Tipperary’s Orla O’Dwyer - who will again line out for Brisbane in what will be their fifth grand final appearance in eight seasons - is a premiership winner, one of the best known players in the competition and was named All Australian (equivalent of an All Star) in Season 6.


She has been one of the best performers for the Lions throughout the finals series, highlighted by a goal snapped from the sort of angle David Clifford might have thought twice about during their tight qualifying final win over Adelaide.

That game also featured an outstanding goal from Mayo’s Niamh Kelly, whose Adelaide side will not be involved in this weekend’s grand final but she did become only the second Irish player to be named All Australian when the gongs were handed out this week.

Meanwhile Aishling Moloney, also from Tipperary and a deadline-day addition to Geelong’s side, was acknowledged by her peers this week with the best first year player award, the imposing full forward having kicked almost a goal per game and caused a notable amount of wreckage in front of goal throughout her debut season.

Moloney had been in Australia for just a few weeks when she started her first AFLW game, highlighting a tendency for Irish players to hit the ground sprinting rather than requiring a long-term investment from clubs before they start providing tangible returns.

Since those early seasons when Cora Staunton and Laura Duryea flew the flag - both were recruited while in their 30s - the league has expanded from an initial eight to 18 teams to match the men’s competition and this year played a 10-week regular season and four weeks of finals.

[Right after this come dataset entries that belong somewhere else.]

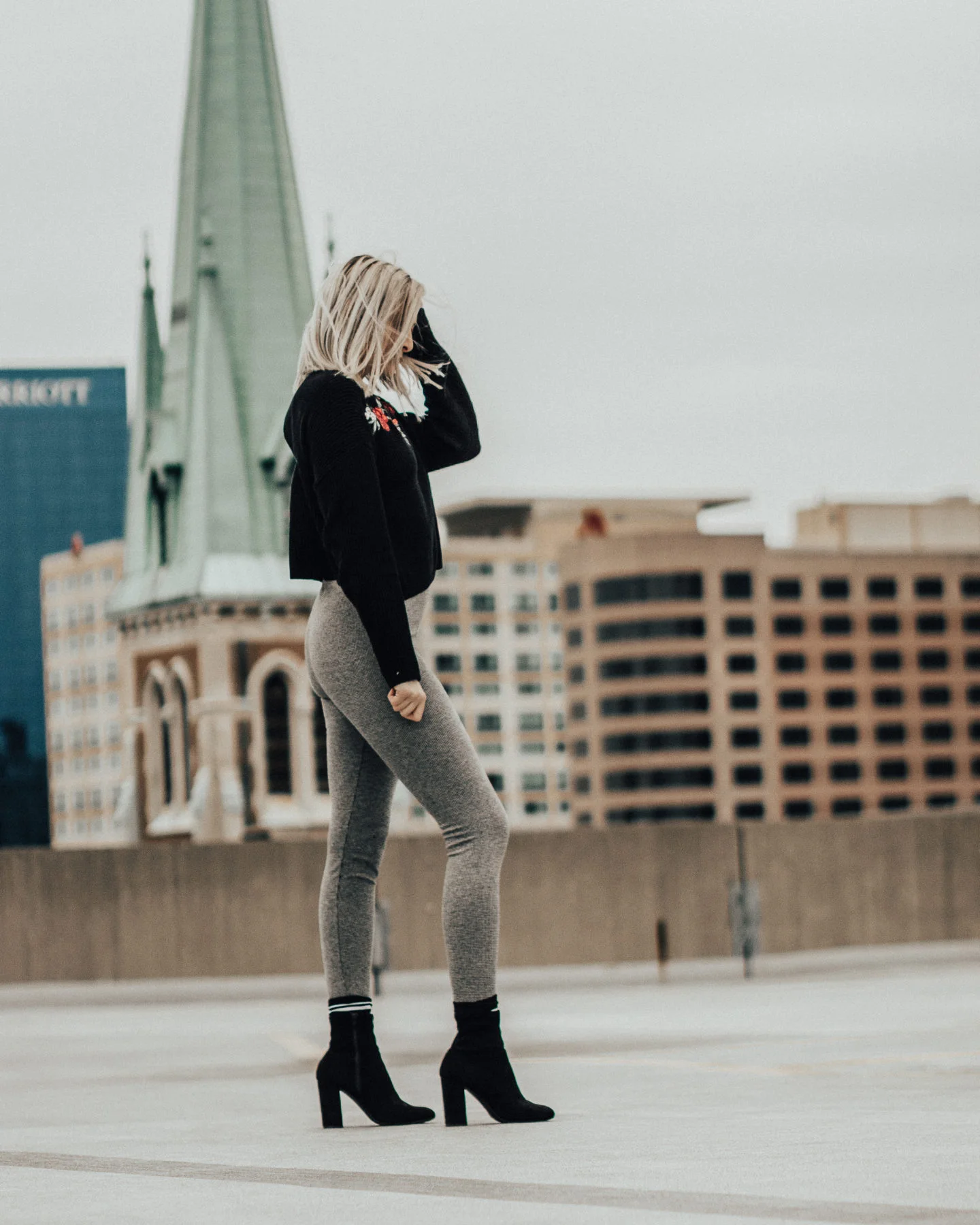 valentines day outfit ideas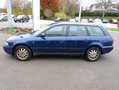 Audi A4 Avant 1.9 TDI[KLIMAAUTOMATIK/AHK] Azul - thumbnail 3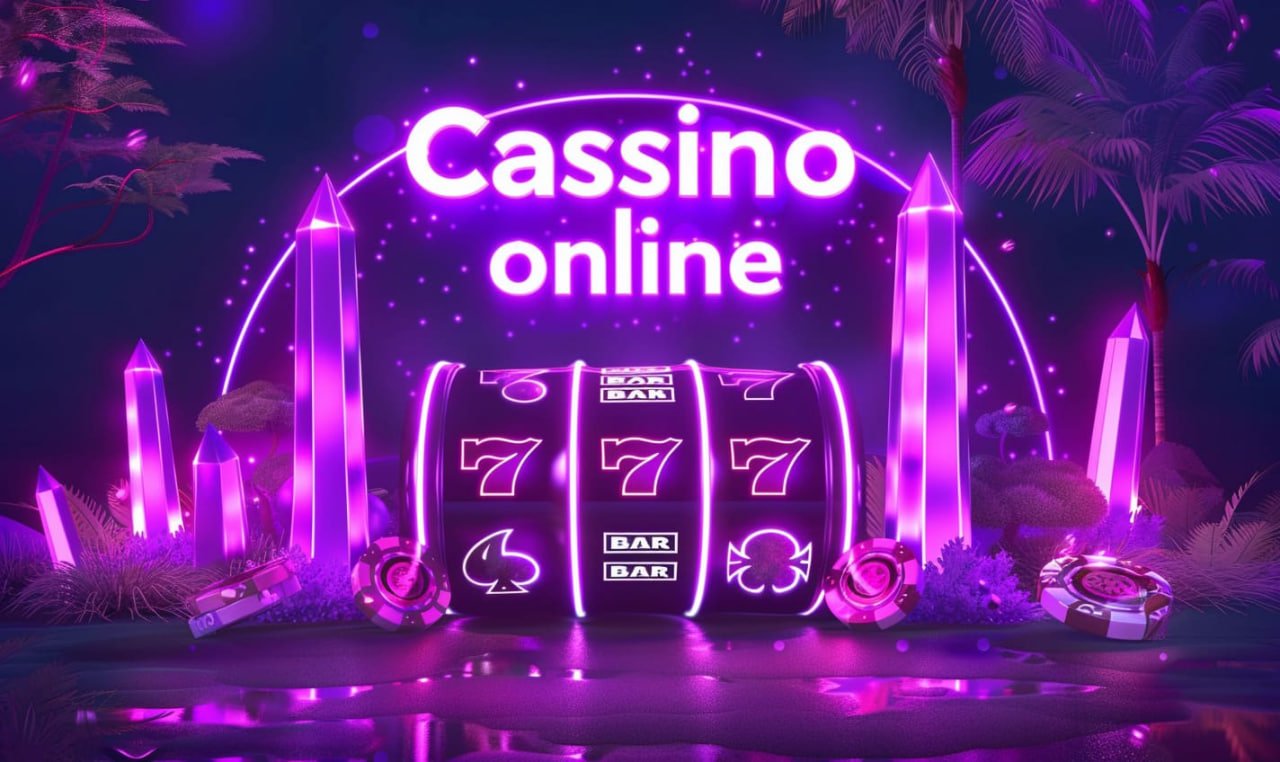 333wi nhà cung cấp game slot hàng đầu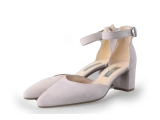 Gabor Pumps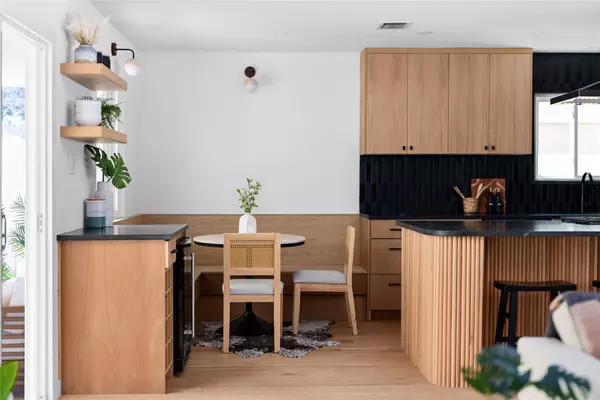 Austin, TX 78758,11707 Wiginton DR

Thanks to a recently agreed pay deal, listed players in 2027 can expect a salary of $82,000 (€50,000), a 78 per cent increase on this year’s average.

On Sunday morning, O’Dwyer will line up alongside Dublin’s Jennifer Dunne for Brisbane, while Cork’s Erika O’Shea and Tipp’s Niamh Martin will take the field for North Melbourne. O’Dwyer will be looking to double her AFLW premiership medal collection while the other three will be hoping to join her alongside Bláithín Mackin (Armagh), Sinead Goldrick (Dublin) and Ailish Considine (Clare) on Ireland’s list of AFLW champions.

Considine - who has won two premierships with Adelaide - now plays for North Melbourne and would likely be in line for a third medal had she not suffered a late-season hamstring injury (strict AFL tradition dictates that only active grand final participants are eligible to receive winner’s medals). Meanwhile, if Dunne does add a premiership to her All Ireland, she won’t even be the first to achieve that feat, Goldrick having done so last year.

That roll of honour has been assembled remarkably fast, but the maturation of the league and increase in salaries to a viable professional income will help expand the local talent pipeline and make it unlikely that the Irish influx - this year’s contingent was a 50 per cent lift on last year’s - will continue to grow at the same pace.

However, considering the increasing prominence of a growing number of superstars and the immediate impact of so much recently arrived talent, it’s likely that AFLW recruiters will continue to see Ireland as a rich vein to tap for some time to come, making those podium Tricolours more of a probability than a rarity for a while yet.